Van de ziekte van Parkinson is bekend dat diepe hersenstimulatie, die erop gericht is de motoriek van de patiënt te verbeteren, een nadelig effect kan hebben op de hersenen als geheel, en daardoor op cognitie en emoties. “Dit effect kan van patiënt tot patiënt verschillen en ook dit proberen we beter in beeld te brengen”, zegt Boon. “Als dat lukt, zouden we per patiënt kunnen bepalen of de verbetering van de motoriek niet ten koste gaat van de cognitie en emoties.”

MEG en Alzheimer

Binnen VUmc werden al in 2000 de eerste onderzoeken naar de ziekte van Alzheimer met behulp van de MEG-techniek gedaan. “We hebben dit in de loop der jaren geleidelijk uitgebouwd en zijn daarmee inmiddels op het gebied van MEG-analyse bij Alzheimer een internationaal bekende onderzoeksgroep geworden”, zegt Willem de Haan. “De precisie van MEG in het opvangen van hersenactiviteiten op een niet-invasieve manier is ongeëvenaard. Het geijkte hersenonderzoek is EEG en dat gebruiken we hier in huis ook standaard om verschillende soorten dementie van elkaar te kunnen onderscheiden en andere problemen zoals bijzondere vormen van epilepsie of delirium uit te sluiten. Maar MEG heeft daarnaast voor ons grote meerwaarde, omdat het ons in staat stelt om de communicatie tussen hersennetwerken, inclusief diepere hersenstructuren, nauwkeuriger te beschrijven. We kunnen zo bijvoorbeeld al in een vroeg stadium van Alzheimer afwijkende activiteit in de hippocampi, essentieel voor het geheugen, in beeld brengen. Dit is niet alleen interessant om al in een vroeger stadium diagnostiek te kunnen bedrijven, maar kan ook een aanknopingspunt bieden voor de ontwikkeling van nieuwe behandelingen tegen Alzheimer.”

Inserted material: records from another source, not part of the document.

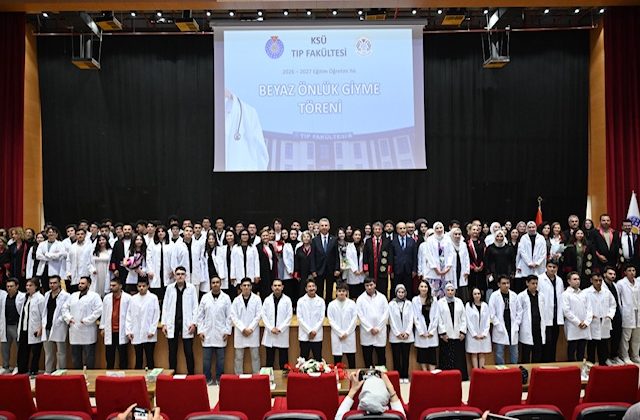 KSÜ Tıp Fakültesi Birinci Sınıf Öğrencileri Beyaz Önlüklerini Giydi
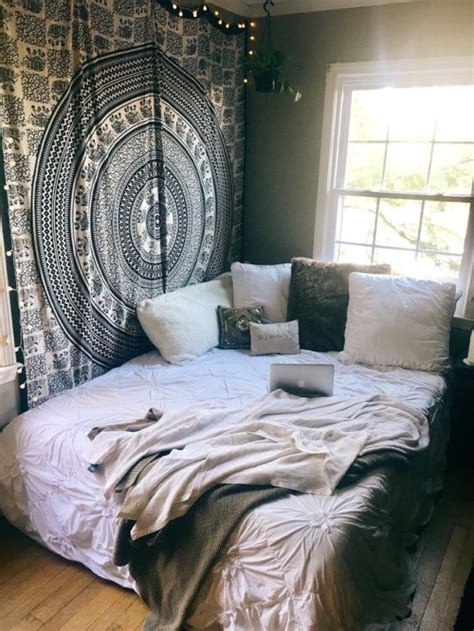 Pink and grey bedroom | small space â¤ big style | dorm room, room. room-inspiration | Tumblr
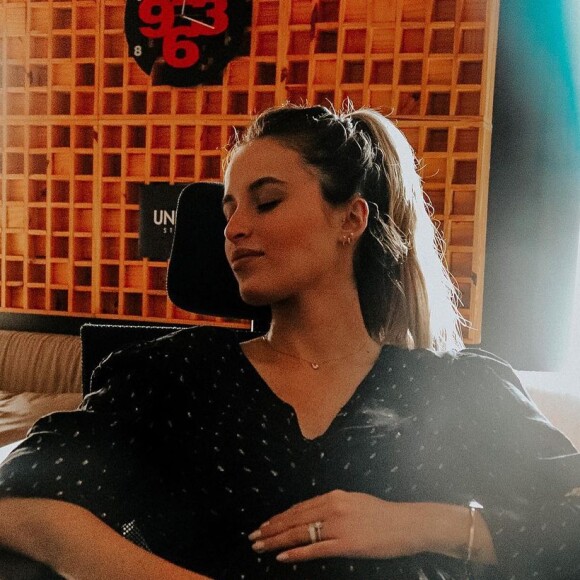 Mulher de Lucas Lucco, Lorena Carvalho recebeu o carinho do marido após parto: 'Sem palavras'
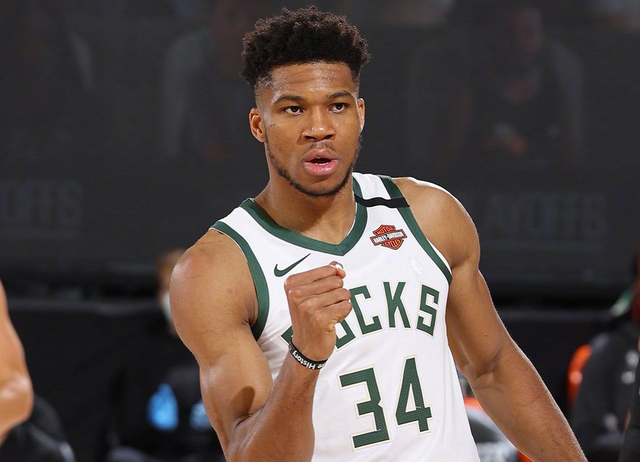 多特蒙德鏖战阿根廷，阿奎罗打破历史纪录的简单介绍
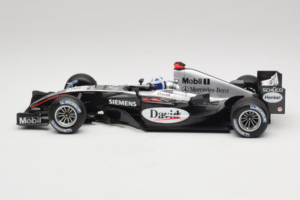 McLaren MP4/19 Mercedes D. Coulthard F1 2004 Minichamps 1:18 530041805 メタル - 画像 3/7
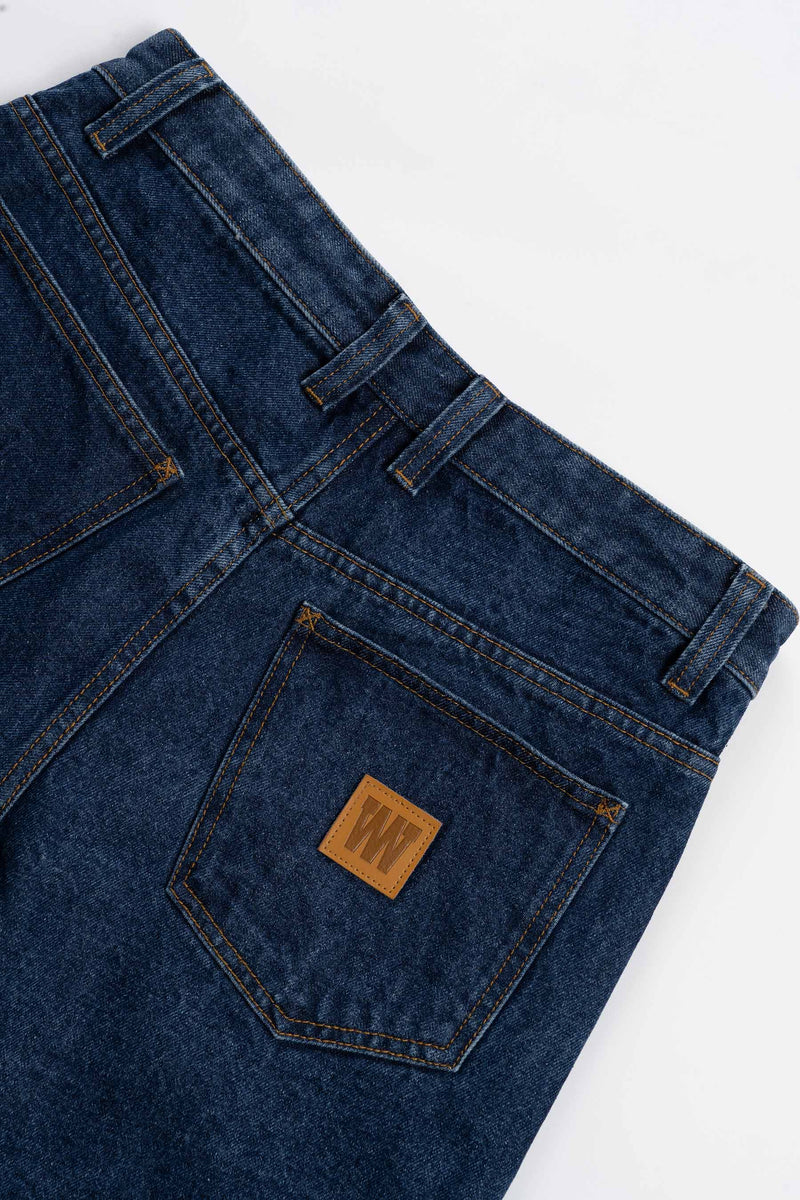 Baggy Denim Short - Leather Patch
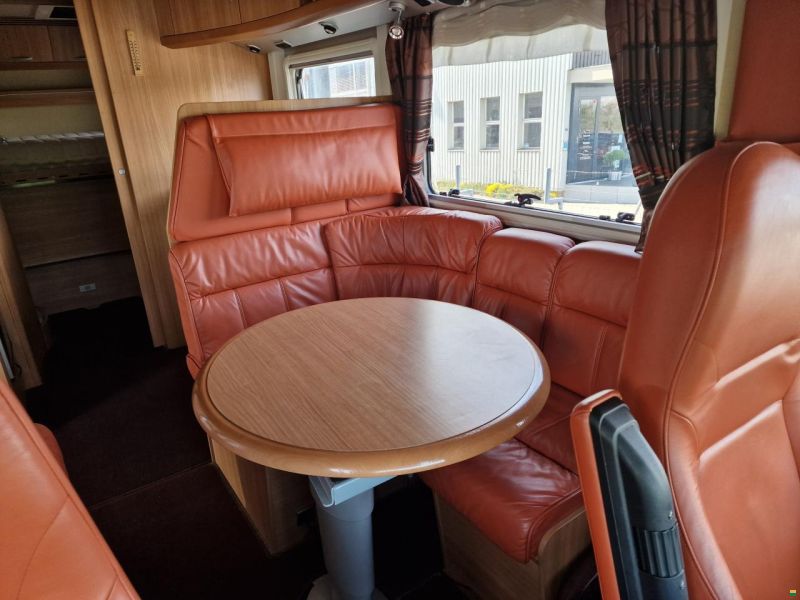 Niesmann-Bischoff Flair 7100i C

Sinds medio 2018 loopt in het Alzheimercentrum Amsterdam onder leiding van klinisch neurofysioloog Alida Gouw de MANTA-studie (MEG in Alzheimer’s disease: unravelling the underlying Network to explain the stereotypical spread of TAu protein. Het doel is met MEG de hersennetwerken van mensen met de ziekte van Alzheimer in kaart te brengen. Deze netwerken worden vervolgens vergeleken met eerder gemaakte scans waarop het tau-eiwit in de hersenen is afgebeeld. Op deze manier hopen de onderzoekers in kaart te brengen of bij mensen met de ziekte van Alzheimer de hersennetwerken zich zo gedragen dat dit de verspreiding van het tau-eiwit stimuleert. De Haan is bij dit onderzoek betrokken voor het moduleren van de verspreiding van de hersenactiviteit. “We weten dat bij Alzheimer de functie van het tau-eiwit al in een vroeg stadium verstoord is en dat dit beter gerelateerd is aan de ziekte-ernst dan het bekende amyloïd-eiwit”, zegt hij. “We vergelijken de verspreidingspatronen van de tau-schade met de veranderingen in hersennetwerkactiviteit die de ziekte met zich meebrengt, om hun onderlinge samenhang beter te begrijpen. Die veranderende hersenactiviteit is uiteraard sterk gebonden aan de cognitieve prestaties. Dus als we weten hoe we die hersenactiviteit kunnen beïnvloeden om de communicatie weer te optimaliseren, kunnen we mensen wellicht beschermen tegen de optredende schade. Er zijn zelfs aanwijzingen dat zo het ziekteproces rechtstreeks is te beïnvloeden. Onderzoek hiernaar verkeert nog in een vroeg stadium, maar het zijn wel spannende tijden.”